■ **Data supplied**:
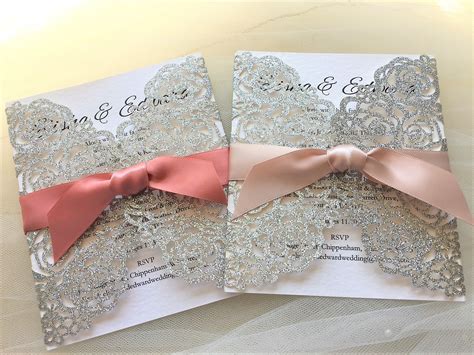 Silver Rose Laser Cut Glitter Wedding Invitations £250 Affordable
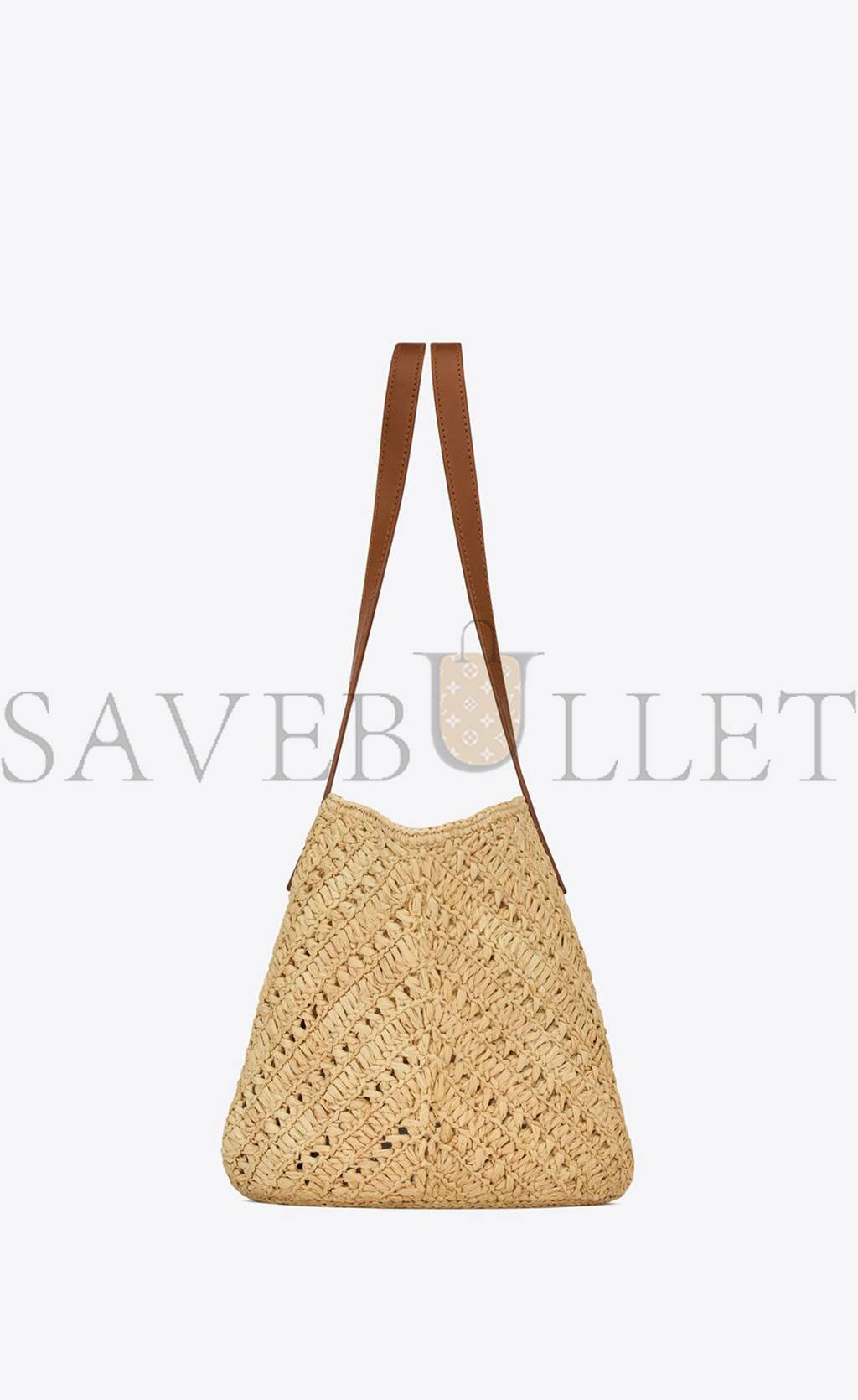 YSL PANIER SMALL IN RAFFIA AND VEGETABLE-TANNED LEATHER 751240GAADJ2080 (38*21*20cm) YSL PANIER SMALL IN RAFFIA AND VEGETABLE-TANNED LEATHER 751240GAADJ2080 (38*21*20cm)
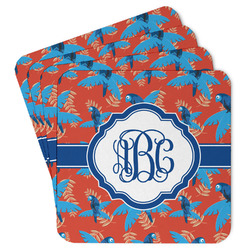 Blue Parrot Paper Coasters w/ Monograms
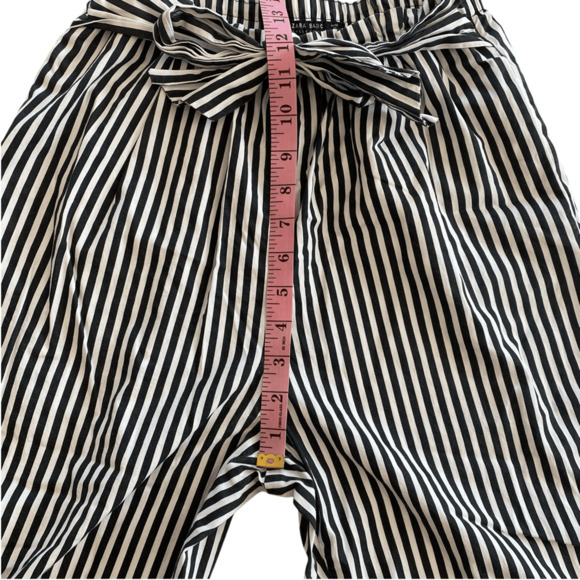 Zara Striped Paperbag Waist Tie Cotton Ankle Pants Elastic Waistband Size Small - Picture 5 of 6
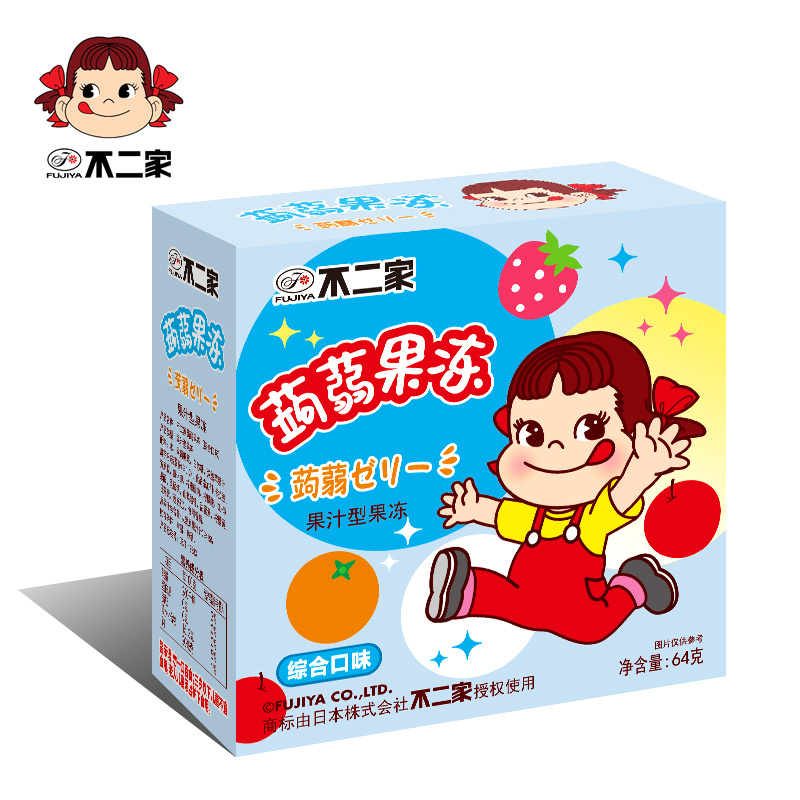 不二家蒟蒻果冻盒装64g伴手礼零食喜铺批发整箱婚庆满月周岁生日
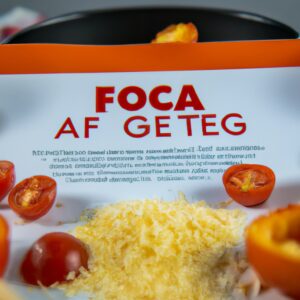 Foto aérea de um prato retangular branco contendo tomate cortado em fatias e ovos fritos em uma airfryer. O tomate é temperado com sal e pimenta e os ovos são cozidos até ficarem dourados e crocantes. Ao fundo, há um fundo escuro com utensílios de cozinha e ingredientes visíveis.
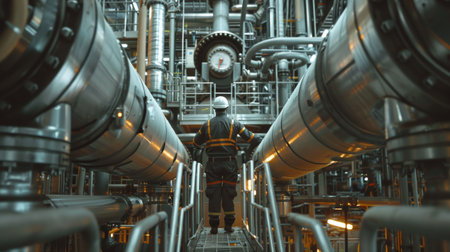 The image shows a complicated system of industrial pipes and machinery.の素材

■ **Aim of the task**:
Write out an exact copy of the listing, first line through the line containing "Zara Striped Paperbag", with the pictures left out.

■ **Problem solution**:
 Silver Rose Laser Cut Glitter Wedding Invitations £250 Affordable
 YSL PANIER SMALL IN RAFFIA AND VEGETABLE-TANNED LEATHER 751240GAADJ2080 (38*21*20cm) YSL PANIER SMALL IN RAFFIA AND VEGETABLE-TANNED LEATHER 751240GAADJ2080 (38*21*20cm)
 Blue Parrot Paper Coasters w/ Monograms
 Zara Striped Paperbag Waist Tie Cotton Ankle Pants Elastic Waistband Size Small - Picture 5 of 6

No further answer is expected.